Состоялась московская премьера «Титаника», и русские зрители наконец приобщились к той белиберде, которую сейчас смотрит весь цивилизованный мир. Отличительным свой‑40 ством творения Кэмерона является то, что любовный сюжет, призванный, как в таких случаях говорится, отразить трагедию, стал во всех отношениях главным, а самое страшное в истории человечества кораблекрушение оказалось слабопрописанным фоном для совершенно несносной страсти нищего полублатного пупса к толстомордой аристократке.

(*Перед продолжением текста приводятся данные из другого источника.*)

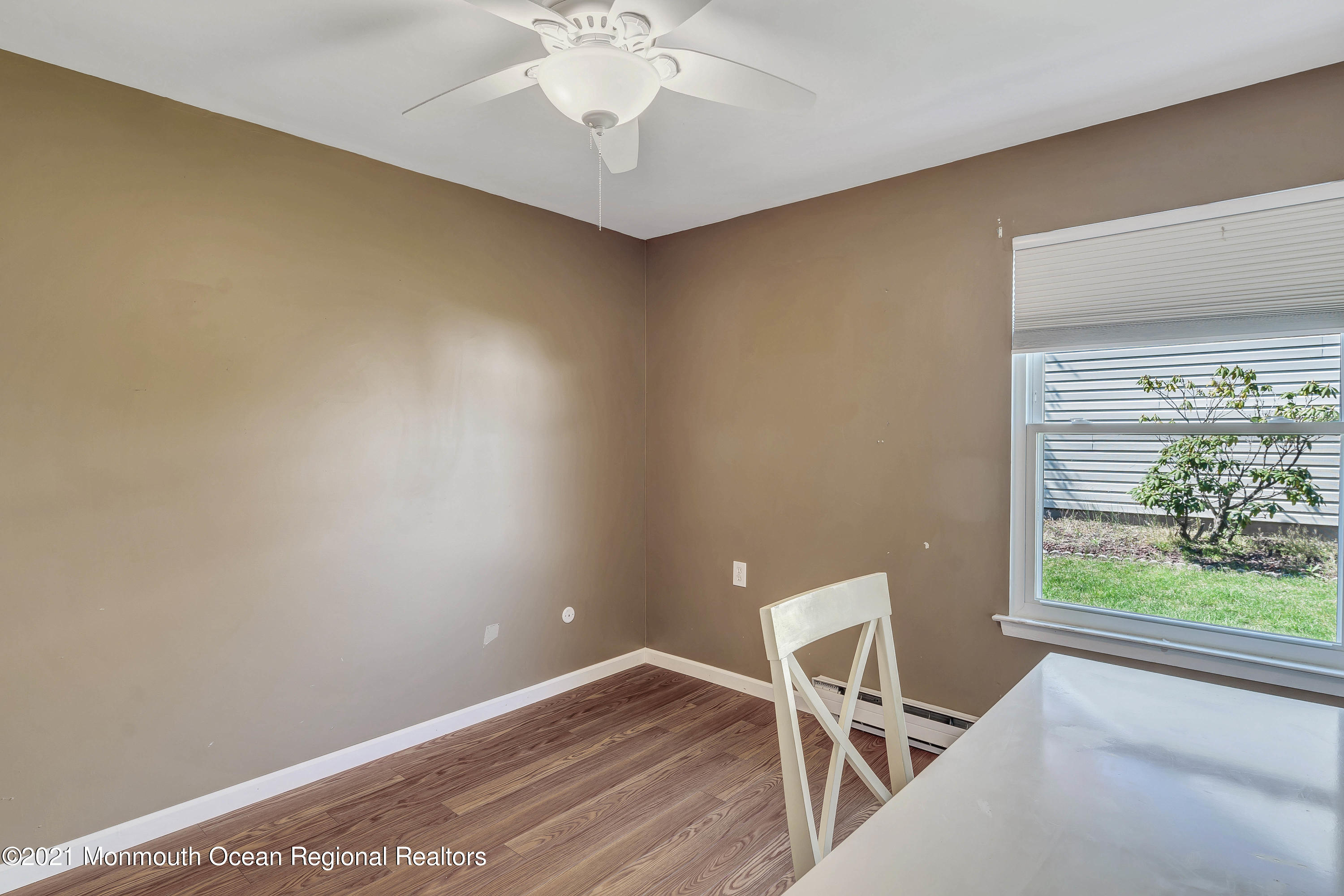 14 Maidstone Way Manchester Township, NJ 08759 - Photo 25 of 49 a view of a room with a window and wooden floor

Первые два часа сидишь и жалеешь, что «Титаник» никак не столкнется с айсбергом, оставшиеся полтора — отчасти компенсируют эти муки. $200 млн дают о себе знать: блеск, с которым переданы технические детали катастрофы, собственно и гонит народ в кинотеатр — все приходят смотреть на вложенные деньги. Психологических деталей нет вовсе, но для них существует другой фильм. Его сняли параллельно с первым, он параллельно демонстрировался в Америке и параллельно же был показан у нас — вечер среды и четверга на ОРТ отвели под «Титаник» Роберта Либермана.

В России это звучит абсурдно. Если Пипкин собрался ставить — неважно, «Анну Каренину» или «Трех поросят», — для Пупкина, мечтающего о том же, это становится жизненной трагедией: доступ к «Карениной» и «Поросятам» перекрыт минимум лет на десять. Такова максималистская русская традиция, исключающая легальное двойничество. Американская — буквально противоположна. Для тех, кто не довольствуется одним техническим блеском, есть еще и психологическое шоу, вполне унылое. Оно в десятки раз дешевле, и там с десяток дополнительных историй. Показательно, что количество денег обратно пропорционально нарративности: фильм Либермана — очень плоский, но это Пруст по сравнению с Кэмероном. Вдвойне показательно, что некоторые сюжетные ходы и даже мизансцены в картинах совпадают буквально: я почти уверен, что никто ничего не крал, а все полюбовно договорились — у зрителя будет больше доверия, речь ведь идет об одном и том же.